Amelia Kolb and Suzanne Strom

Limnol. Oceanogr., 58(3), 2013, 932-944 | DOI: 10.4319/lo.2013.58.3.0932

ABSTRACT: Microzooplankton are important consumers of phytoplankton primary production, but phytoplankton defenses against these predators are not well understood despite their expected importance. We tested for inducible defenses in the coccolithophore Emiliania huxleyi, an abundant and cosmopolitan bloom-forming species with a heteromorphic haploid–diploid life cycle, against the ciliate predator Strombidinopsis acuminatum. We hypothesized that the two life-cycle phases (calcifying diploid and motile noncalcifying haploid) of E. huxleyi are differently defended against predation. Using short-term (30 min) ingestion rate assays, we compared predation on E. huxleyi that had been previously exposed to predators for 24 h to predation on naïve (unexposed) E. huxleyi. Prey were considered to have a defense response when ingestion rates on naïve cells were higher than ingestion rates on predator-exposed cells.
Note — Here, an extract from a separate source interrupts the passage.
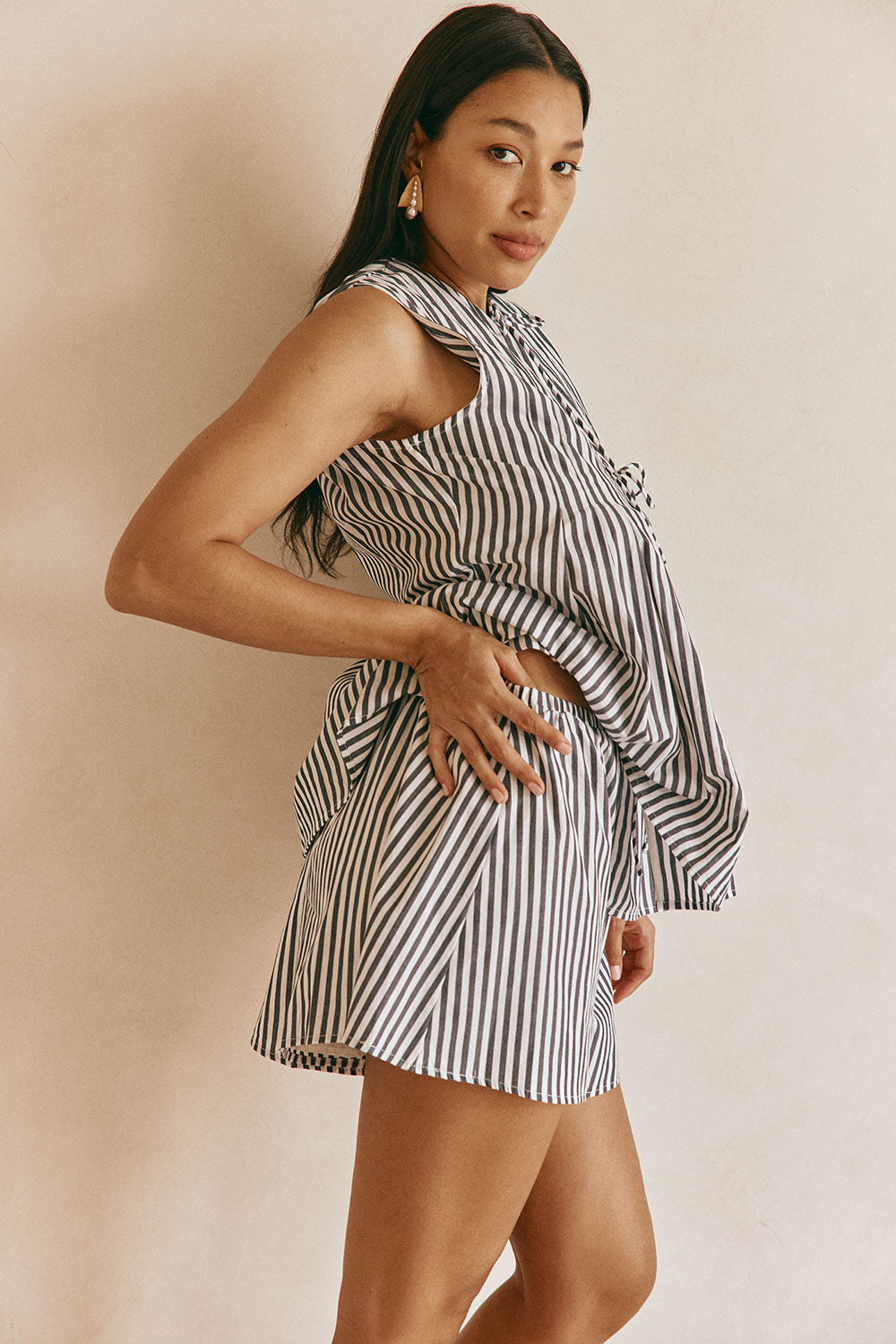 Black and White Stripe Elastic Dalia Shorts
Haploid E. huxleyi had a strong defense response, with a 25–43% reduction in ingestion rate due to predator exposure, whereas diploid E. huxleyi had no defense response. Haploid E. huxleyi grown with reduced nutrient availability showed no defense response when initially offered to ciliates (although there was evidence of a delayed defense response). Additionally, the presence of defended haploid E. huxleyi did not reduce ciliate ingestion on another prey species (Heterocapsa triquetra). This defense system points to complex predator–prey interactions as key factors controlling the structure and function of marine planktonic communities.